Friday, August 28, 2009

Landing in Tari


Even the most well traveled person experiences a rush when landing at Tari in Papua New Guinea's Southern Highlands.

A quiet "wow" is often the first work uttered as the traveler steps off the plane onto Tari's airstrip. The air feels as fresh as Muskoka's. The sky looks as blue as Tahoe's. The rest of the scene isn't quite as familiar.

A baggage handler has a stem through his nose and ferns in his hair. Some faces are decorated with clay and paint.

Men walking along the roadway wear yarn caps in patterns that reunite colours perhaps reminiscent of the summer of '69.

An even more creative design sense has been used to create the woven bilum bags women are carrying over their foreheads, leaving hands free to carry firewood, gardening sticks and umbrellas.

And about those umbrellas, there are hundreds and hundreds of bright and over sized umbrellas opened as shelter from the sun. Where did they come from? All those colours, they are used in ways rarely encountered in visitors' regular lives.

After the initial "wow" factor is processed, there is the grope for cameras. Lens caps are removed. Electronics whirr in preparation to record. This landing marks the beginning of a very good trip.

Thursday, August 27, 2009

A Head Full of Papua New Guinea


Am just back from Papua New Guinea with a head full of blog topics.
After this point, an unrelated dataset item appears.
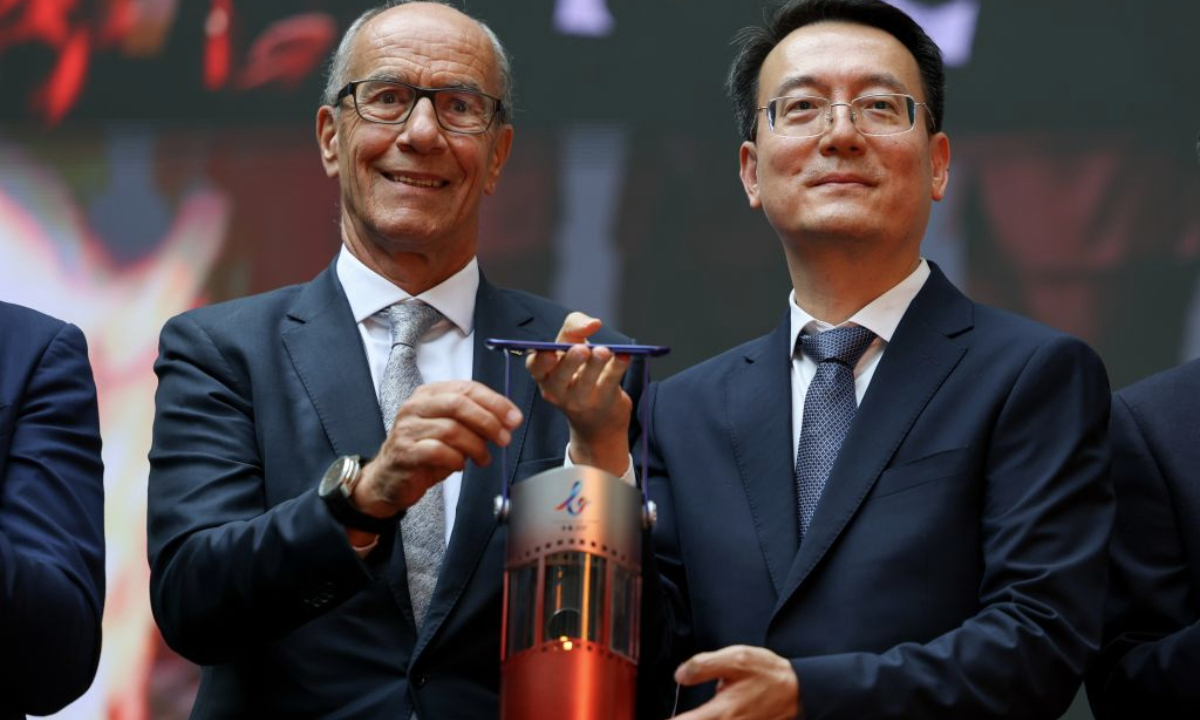 Mayor of Changchun Gu Gang (R) and president of FISU Leonz Eder hold the flame lantern during the flame collection ceremony for the Changchun 2027 Winter Universiade in Turin, Italy, Oct. 8, 2026. (Xinhua/Wang Kaiyan)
The Papua New Guinea experience resists organization and categorization so individual blog entries may be the most appropriate way to report on this trip full of wonders.

Our group of 17 well-traveled travelers visited the iconic regions of Papua New Guinea: the Southern Highlands and the Sepik River Lowlands. We attended the the Mount Hagen Sing Sing. We explored with enthusiasm and curiosity. Our minds and eyes were open to the wonderful.

We should have tried to estimate the number of photo images shot by the group. I wonder how many thousands it might have been. I hope to have the opportunity to see them all.

Knowing the trip would be well documented by generous and talented photographers, I rarely took my basic little camera out of its case. I had the luxury of letting the images make their impressions on my mind.

And that's where they swirl now: children waving from the riverside, a waterfall framed by a high altitude tropical forest, groupings of fantastically carved masks, a Bird of Paradise posed on a bare branch, three women carrying bilums full of sweet potatoes, human hair wigs on men with yellow faces, circles of sing sing dancers jumping as they drum, a "conga line" of overseas visitors dancing to the music of a bamboo band...

More focused blog entries will follow once the contents of my memory have been sorted and edited.